* Given records:
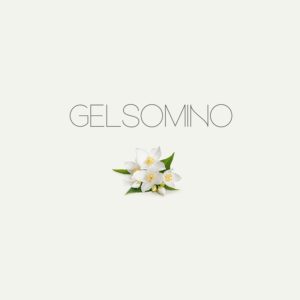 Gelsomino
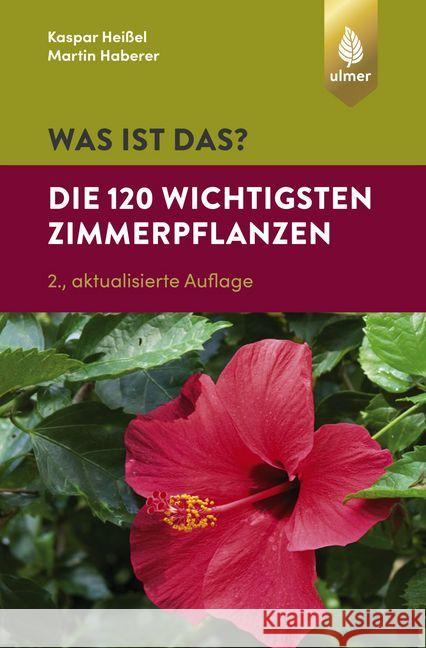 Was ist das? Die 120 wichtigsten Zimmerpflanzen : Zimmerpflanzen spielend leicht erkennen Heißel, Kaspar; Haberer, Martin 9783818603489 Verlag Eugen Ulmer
--
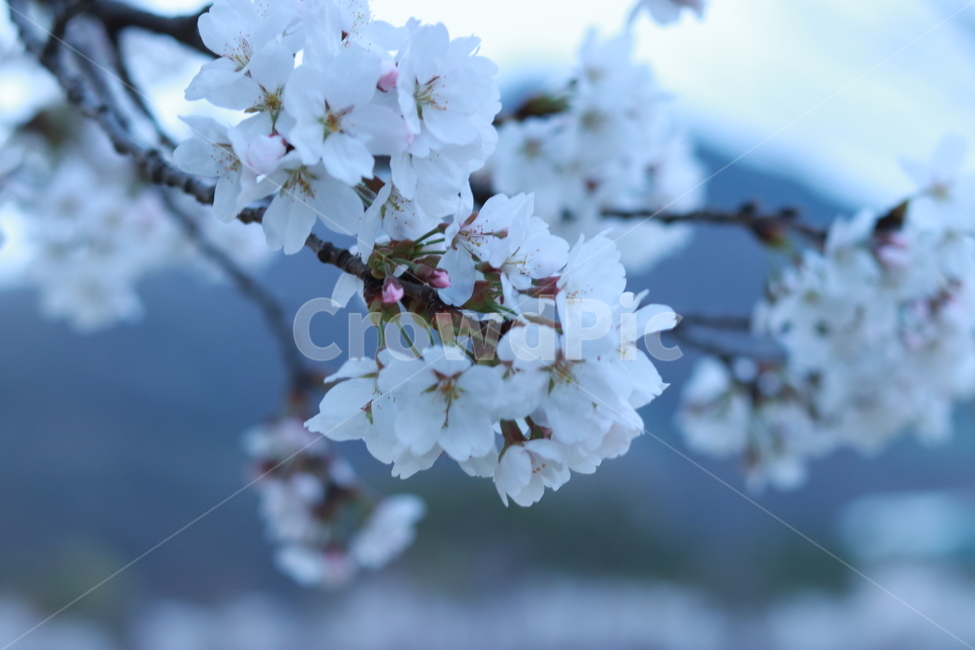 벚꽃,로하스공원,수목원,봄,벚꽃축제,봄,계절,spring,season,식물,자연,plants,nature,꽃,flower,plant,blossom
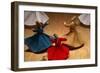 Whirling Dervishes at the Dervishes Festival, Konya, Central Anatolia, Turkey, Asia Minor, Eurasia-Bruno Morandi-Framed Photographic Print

* What to work on: Could the stretch from the line with "벚꽃,로하스공원,수목원,봄" through the line with "Whirling Dervishes at" in the listing above be restated word for word, minus the pictures?

* Response area:
 벚꽃,로하스공원,수목원,봄,벚꽃축제,봄,계절,spring,season,식물,자연,plants,nature,꽃,flower,plant,blossom
 Whirling Dervishes at the Dervishes Festival, Konya, Central Anatolia, Turkey, Asia Minor, Eurasia-Bruno Morandi-Framed Photographic Print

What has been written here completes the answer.